Although there’s no security built into DHCP, we have added security features to our switches that can help us with these shortcomings. This security feature is often called DHCP snooping, and it’s a feature we would enable in our switch to identify where the legitimate DHCP servers might be. This allows us to tell the switch that if any DHCP communication is coming from an unauthorized server to disable that communication on our network. Active Directory also includes a feature that allows you to identify authorized DHCP servers and limit any non-authorized servers from communicating with Active Directory. And once you identify where this rogue DHCP server might be, we need to disable that device and have all of the devices on the network release their current IP address and have reassigned addresses from the legitimate DHCP server.
You might also run into situations where there are no more IP addresses in the pool of your DHCP server. This is an exhausted DHCP scope and any device that can’t receive an IP address from the DHCP server will usually have an automatic private IP address assigned to their device. Obviously, one of the challenges with an APIPA address is that those devices will only be able to communicate on the local subnet. They will not be able to communicate to the internet.
Your first stop should be with your DHCP server to see why it’s not assigning more IP addresses and you should be able to recognize that your pool of IP addresses has been depleted. An IP address management, or IPAM device, may be able to monitor and then alert if it runs into any of these exhausted scopes. And if you have people that are constantly coming into the office and leaving, you may want to lower the lease time so that you have more IP addresses available in your pool for other people on the network.
If you have a user that has some type of IP configuration problem, then they probably are able to communicate to local IP addresses but not any subnets that may be outside of your local subnet. Or they may not be able to communicate to any other device on the network even if those devices are on their local subnet. There might also be cases where there’s intermittent connectivity or they’re able to communicate to some subnets but not others.
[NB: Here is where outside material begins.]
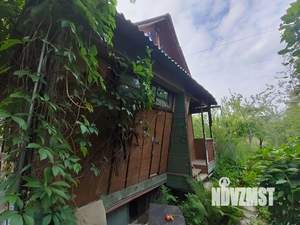 Дом 20м², 1-этажный, участок 5 сот.  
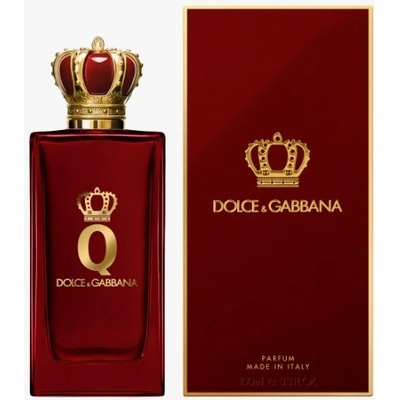 Dolce & Gabbana Q parfém dámský 100 ml tester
The first step is to check the basic configuration of that device. We want to confirm the IP address, subnet mask, gateway, and DNS settings are correct for that device. We would then want to monitor the traffic. We can usually do this with a protocol analyzer or some other monitoring tool that you might have in your switch. This will allow you to get an idea of how much unicast, broadcast traffic, or other types of communications are occurring on that network.
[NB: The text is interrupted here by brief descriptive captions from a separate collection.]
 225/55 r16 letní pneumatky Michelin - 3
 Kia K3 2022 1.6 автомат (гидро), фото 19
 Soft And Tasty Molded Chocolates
You can’t usually determine a subnet mask from a packet capture, but you are able to reference your original documentation and confirm that you’re using the correct subnet mask for that particular VLAN. If you still aren’t quite sure what the correct subnet mask or gateway might be, you may want to look at other devices that are on the same VLAN. A device that’s right next to you may already have a correct configuration and you can compare that to the configuration on your device. And it might be useful to begin gathering information about what devices you are able to communicate to and which ones you’re not able to communicate to. You can use the ping command and the traceroute command to gather information about what devices are responding and what subnet you’re able to communicate to.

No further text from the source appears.